The sudden outbreak of melees at suburban shopping malls on Monday, appears to be a coordinated effort. There were more than a dozen incidents on Monday in multiple states involving teenage mobs harassing and picking fights with mall shoppers, leading to several arrests. Now the police have revealed that social media may have played a role in the seemingly unrelated attacks.
More from USA Today:
In Aurora, Colo., police said a posting on social media announcing a fight at the Town Center of Aurora drew an unruly crowd that grew to about 500 people. Five suspects, all juveniles, were arrested in that fight, which brought 50 officers to the scene and led to the mall being shut down.
Manchester, Conn., police said several fights broke out around the same time at the Shoppes at Buckland Hills Mall in that city on Monday evening. Capt. Christopher Davis said police there believe it is “highly probable” that social media postings played a part in organizing the disturbances that ended with the arrests of seven people — including five teenagers — who were involved in the melees.
Meanwhile, in Beachwood, Ohio, police said about 500 young people who took part in a large-scale disturbance at the mall on Monday had been “loosely organized on social media.”
Police in the Cleveland suburb evacuated the mall after teens had been running through the shopping center amid incorrect reports that shots had been fired. The mall’s operators eventually reopened it to shoppers after the situation was calmed. One juvenile who struck a police officer was charged with disorderly conduct.
Other major mall disturbances — including some that led to shopping centers being evacuated — occurred in Tempe, Ariz.; Aurora, Ill.; Louisville; Fayetteville, N.C.; East Garden City, N.Y.; Memphis; Fort Worth and elsewhere.
This is a weird phenomenon. Let’s hope it’s not a new trend amongst Millennials, Flash Mobs that sing and dance are one thing, this is the Upside Down version apparently.
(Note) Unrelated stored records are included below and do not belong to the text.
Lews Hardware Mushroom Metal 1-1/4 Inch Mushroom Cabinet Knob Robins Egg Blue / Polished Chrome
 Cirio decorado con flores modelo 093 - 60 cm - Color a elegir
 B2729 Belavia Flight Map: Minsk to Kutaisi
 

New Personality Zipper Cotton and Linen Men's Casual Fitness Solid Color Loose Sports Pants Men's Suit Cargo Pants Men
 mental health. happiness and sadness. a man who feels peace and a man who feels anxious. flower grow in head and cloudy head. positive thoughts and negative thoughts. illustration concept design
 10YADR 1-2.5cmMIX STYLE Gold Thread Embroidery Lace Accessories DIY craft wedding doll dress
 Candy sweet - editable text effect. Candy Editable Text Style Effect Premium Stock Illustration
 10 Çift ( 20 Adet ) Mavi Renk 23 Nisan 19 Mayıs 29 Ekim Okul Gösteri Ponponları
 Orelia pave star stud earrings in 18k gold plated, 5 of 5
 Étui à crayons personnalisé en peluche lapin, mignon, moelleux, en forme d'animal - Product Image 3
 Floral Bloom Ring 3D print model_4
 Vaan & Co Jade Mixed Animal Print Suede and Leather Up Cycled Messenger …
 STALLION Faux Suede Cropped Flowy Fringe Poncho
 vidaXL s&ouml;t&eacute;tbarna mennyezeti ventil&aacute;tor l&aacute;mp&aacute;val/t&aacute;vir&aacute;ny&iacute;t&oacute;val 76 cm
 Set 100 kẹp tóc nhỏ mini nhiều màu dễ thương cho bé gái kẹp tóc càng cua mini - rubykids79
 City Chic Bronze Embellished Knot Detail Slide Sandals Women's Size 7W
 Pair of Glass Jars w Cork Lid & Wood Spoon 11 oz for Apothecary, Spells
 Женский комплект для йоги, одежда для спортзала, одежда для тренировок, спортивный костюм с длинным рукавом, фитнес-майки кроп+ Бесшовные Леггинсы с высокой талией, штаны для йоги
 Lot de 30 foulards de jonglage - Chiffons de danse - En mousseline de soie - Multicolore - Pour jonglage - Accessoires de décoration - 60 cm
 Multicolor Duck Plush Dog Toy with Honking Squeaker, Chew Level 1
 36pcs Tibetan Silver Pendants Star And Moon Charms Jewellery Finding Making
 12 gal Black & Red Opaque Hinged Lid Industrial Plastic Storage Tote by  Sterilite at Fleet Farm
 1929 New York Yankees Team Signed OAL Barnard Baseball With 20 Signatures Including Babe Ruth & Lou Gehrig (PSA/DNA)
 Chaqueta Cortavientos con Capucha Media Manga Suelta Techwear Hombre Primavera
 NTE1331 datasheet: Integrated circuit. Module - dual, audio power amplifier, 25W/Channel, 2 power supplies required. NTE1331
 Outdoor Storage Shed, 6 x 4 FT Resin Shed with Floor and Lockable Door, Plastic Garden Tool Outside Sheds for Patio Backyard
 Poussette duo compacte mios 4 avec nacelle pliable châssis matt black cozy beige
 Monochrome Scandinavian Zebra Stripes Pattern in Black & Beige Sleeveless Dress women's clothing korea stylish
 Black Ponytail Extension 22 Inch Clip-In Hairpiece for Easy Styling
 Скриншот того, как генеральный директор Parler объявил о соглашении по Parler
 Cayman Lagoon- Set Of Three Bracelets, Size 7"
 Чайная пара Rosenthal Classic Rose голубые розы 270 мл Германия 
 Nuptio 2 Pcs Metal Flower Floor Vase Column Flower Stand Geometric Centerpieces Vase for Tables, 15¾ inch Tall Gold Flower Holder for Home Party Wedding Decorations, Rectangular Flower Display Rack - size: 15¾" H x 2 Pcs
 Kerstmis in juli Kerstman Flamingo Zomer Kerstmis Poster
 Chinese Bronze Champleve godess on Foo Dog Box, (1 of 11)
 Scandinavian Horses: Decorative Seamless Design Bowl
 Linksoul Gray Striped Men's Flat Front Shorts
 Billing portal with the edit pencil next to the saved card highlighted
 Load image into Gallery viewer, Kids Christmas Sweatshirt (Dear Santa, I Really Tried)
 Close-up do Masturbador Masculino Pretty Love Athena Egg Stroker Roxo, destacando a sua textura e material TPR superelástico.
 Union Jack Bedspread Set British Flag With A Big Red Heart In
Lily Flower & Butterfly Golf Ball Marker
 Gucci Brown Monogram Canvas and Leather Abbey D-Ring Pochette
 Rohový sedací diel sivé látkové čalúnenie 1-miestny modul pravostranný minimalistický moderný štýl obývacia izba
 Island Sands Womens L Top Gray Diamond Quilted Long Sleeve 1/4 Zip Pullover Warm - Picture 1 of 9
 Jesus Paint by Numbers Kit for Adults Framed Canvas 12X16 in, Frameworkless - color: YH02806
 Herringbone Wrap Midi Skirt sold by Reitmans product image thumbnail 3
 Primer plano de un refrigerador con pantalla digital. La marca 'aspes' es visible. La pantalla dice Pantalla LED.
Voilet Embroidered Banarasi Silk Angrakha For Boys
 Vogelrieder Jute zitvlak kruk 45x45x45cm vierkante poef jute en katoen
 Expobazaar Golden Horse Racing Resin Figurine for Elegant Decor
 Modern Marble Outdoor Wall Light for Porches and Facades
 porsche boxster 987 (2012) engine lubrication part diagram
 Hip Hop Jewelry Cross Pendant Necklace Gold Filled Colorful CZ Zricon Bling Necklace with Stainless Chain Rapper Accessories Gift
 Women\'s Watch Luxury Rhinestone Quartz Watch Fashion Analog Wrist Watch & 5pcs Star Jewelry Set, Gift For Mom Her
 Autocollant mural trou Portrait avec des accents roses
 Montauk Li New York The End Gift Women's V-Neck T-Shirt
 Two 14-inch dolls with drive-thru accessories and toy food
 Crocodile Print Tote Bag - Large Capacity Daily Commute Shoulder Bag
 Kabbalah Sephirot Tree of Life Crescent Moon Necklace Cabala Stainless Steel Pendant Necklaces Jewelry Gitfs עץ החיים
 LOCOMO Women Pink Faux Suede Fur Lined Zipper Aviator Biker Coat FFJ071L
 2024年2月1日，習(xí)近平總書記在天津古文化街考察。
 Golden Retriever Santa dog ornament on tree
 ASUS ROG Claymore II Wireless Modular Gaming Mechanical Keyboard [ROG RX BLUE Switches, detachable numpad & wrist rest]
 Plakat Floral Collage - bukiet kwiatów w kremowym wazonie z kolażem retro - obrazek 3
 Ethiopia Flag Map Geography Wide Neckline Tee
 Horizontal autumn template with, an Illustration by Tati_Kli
Idol hands do the devil’s work, or so the saying goes; that shiftless kids will find trouble isn’t new. However the creation of the Youtube Star does introduce a new situational problem to the equation. We’ve got kids desperate for attention, with the capability of getting it, just by broadcasting it live or uploading it to YouTube. The ability for attention starved kids to gain notoriety through a video might encourage some to seek out the adoration of fans for negative attention, as we saw with Adam Saleh. Famous and infamous might be too subtle of a distinction for this generation.